> Task material
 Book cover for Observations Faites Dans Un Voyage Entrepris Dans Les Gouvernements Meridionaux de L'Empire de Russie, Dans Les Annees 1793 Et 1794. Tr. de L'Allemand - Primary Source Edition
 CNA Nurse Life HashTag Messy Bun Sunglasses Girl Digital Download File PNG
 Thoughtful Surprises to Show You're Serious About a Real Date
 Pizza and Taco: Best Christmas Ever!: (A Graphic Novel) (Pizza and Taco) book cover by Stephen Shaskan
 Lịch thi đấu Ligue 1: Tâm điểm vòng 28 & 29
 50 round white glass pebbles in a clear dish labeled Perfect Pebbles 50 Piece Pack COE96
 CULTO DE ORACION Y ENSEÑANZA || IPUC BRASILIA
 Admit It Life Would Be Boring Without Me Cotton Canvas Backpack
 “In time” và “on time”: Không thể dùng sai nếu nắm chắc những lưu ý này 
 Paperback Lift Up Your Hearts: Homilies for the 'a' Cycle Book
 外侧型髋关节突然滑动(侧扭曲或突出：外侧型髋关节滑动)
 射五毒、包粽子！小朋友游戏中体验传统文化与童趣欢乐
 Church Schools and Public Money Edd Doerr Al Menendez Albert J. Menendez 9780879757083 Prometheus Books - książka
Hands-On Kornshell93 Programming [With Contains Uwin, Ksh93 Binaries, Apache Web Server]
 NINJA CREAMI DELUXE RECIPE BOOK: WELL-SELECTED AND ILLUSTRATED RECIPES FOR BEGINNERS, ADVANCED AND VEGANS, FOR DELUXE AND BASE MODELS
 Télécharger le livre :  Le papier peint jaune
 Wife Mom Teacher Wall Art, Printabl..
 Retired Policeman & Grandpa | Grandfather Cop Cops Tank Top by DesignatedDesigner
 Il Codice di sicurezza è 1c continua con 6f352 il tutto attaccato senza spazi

> Task directions
Look above and repeat, character for character, the lines from the first one to the line with "Pizza and Taco: Best", counting both.

> Output for this exercise
 Book cover for Observations Faites Dans Un Voyage Entrepris Dans Les Gouvernements Meridionaux de L'Empire de Russie, Dans Les Annees 1793 Et 1794. Tr. de L'Allemand - Primary Source Edition
 CNA Nurse Life HashTag Messy Bun Sunglasses Girl Digital Download File PNG
 Thoughtful Surprises to Show You're Serious About a Real Date
 Pizza and Taco: Best Christmas Ever!: (A Graphic Novel) (Pizza and Taco) book cover by Stephen Shaskan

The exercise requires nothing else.